Big data is
collection of large and complex data that cannot be processed by using normal
data processing systems. Analytics refers to getting meaningful patterns from
an unstructured or semi-structured data. Now Big Data Analytics is processing
large data (Unstructured, semi-structured and structured) to discover unknown
correlations, hidden data patterns, consumer preferences, market trends and
other useful business information.
The results of analysis can be used for improving operational
efficiency, better targeting of potential customer, new avenues for revenue
generation, gaining competitive edge over rival firms and better customer
service. The main aim of big data analytics is to help various firms to take
more informed business decisions by enabling analytics professionals and data
scientists to analyze and interpret huge
volumes of data which is untapped by
traditional business intelligence programs.
Big data encompasses internet clicks information, server
logs, Content in Social media,various Social network reports, ,mobile phone
call records, customer survey responses and market research data etc. Usually
only unstructured and semi-structured data is associated with big data, but
consulting companies like Forrester and Gartner consider structured data also
as a valid component of big data.
Technologies in Big
Data Analytics
Some software tools that are used to analyze big data are based
on predictive analytics .There are new class of technologies such as Hadoop and
related tools such as MapReduce, YARN, Spark, Pig and NoSQL databases which can process Big
data. These technologies form crucial part of an open source software that
supports the processing of large and diverse data.
Hadoop
Hadoop is a open source Java-based programming framework that
supports the processing of huge data sets in a distributed computing
environment. It is part of Apache Software Foundation. It was inspired by
Google's MapReduce, a software
framework in which any application is divided into numerous small parts. These
parts (also called fragments or blocks) can be run on any node (a connection
point in a network) in the cluster.
Illustration of Big Data Analytics
Big Data Analytics solution by LogicMatter
Let
us now illustrate how big data analytics solution is implemented using Hadoop. LogicMatter is a low cost Big Data
Analytics solution provider. Here traditional
(e.g. ODS, EDW) and emerging (Hadoop MapReduce) analytical tools are combined
to operate on big data. The data platform is built on the powerful and flexible
Amazon Web Services Cloud platform. To capture, process, store and transform
data, Hadoop is used with the LogicMatter-designed Analytical Data Store (ADS).
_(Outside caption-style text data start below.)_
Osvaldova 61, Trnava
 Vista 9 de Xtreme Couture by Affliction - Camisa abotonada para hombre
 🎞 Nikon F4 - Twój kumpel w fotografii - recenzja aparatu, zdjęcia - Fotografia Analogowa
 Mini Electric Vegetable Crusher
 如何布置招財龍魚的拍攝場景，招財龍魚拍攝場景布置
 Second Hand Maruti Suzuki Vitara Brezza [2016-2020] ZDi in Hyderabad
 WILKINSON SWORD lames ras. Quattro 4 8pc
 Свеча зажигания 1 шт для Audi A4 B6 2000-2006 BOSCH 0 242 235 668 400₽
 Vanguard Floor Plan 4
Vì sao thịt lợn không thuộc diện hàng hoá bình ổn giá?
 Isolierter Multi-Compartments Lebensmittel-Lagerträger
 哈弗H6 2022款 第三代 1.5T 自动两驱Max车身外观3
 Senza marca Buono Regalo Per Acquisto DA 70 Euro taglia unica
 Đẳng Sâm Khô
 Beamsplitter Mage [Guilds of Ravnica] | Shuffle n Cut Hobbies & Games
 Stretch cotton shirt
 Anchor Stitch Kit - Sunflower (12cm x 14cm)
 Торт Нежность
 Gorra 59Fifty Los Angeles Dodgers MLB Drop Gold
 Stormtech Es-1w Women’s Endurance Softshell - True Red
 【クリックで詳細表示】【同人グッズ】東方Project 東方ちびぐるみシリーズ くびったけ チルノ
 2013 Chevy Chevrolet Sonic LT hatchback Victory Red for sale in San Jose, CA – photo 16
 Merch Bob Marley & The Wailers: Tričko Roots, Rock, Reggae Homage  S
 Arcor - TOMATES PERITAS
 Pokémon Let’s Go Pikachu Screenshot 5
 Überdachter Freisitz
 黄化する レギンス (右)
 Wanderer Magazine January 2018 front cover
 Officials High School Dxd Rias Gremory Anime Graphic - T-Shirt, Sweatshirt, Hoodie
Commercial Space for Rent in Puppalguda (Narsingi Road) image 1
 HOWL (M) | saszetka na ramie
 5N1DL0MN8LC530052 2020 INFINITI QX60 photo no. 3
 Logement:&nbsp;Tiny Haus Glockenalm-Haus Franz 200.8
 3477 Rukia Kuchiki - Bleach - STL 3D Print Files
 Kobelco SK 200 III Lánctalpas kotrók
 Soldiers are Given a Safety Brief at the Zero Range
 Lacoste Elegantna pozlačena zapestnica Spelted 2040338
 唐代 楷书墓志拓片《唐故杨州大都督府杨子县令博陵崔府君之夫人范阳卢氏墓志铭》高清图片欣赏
File-based storage service of Hadoop is used by platform for flexible and fast data
processing .This big data analytics platform enables the continuous delivery of
both real-time and historical analytics via the popular Tableau.
The Analytics platform and solutions is built specifically to
solve some complex customer problems such as clickstream analytics, video
analytics, sales performance analysis, fraud detection and financial analytics.
Data Sources
This platform enables to collect, process, store, and
transform both unstructured and structured data exclusively for analytical purposes.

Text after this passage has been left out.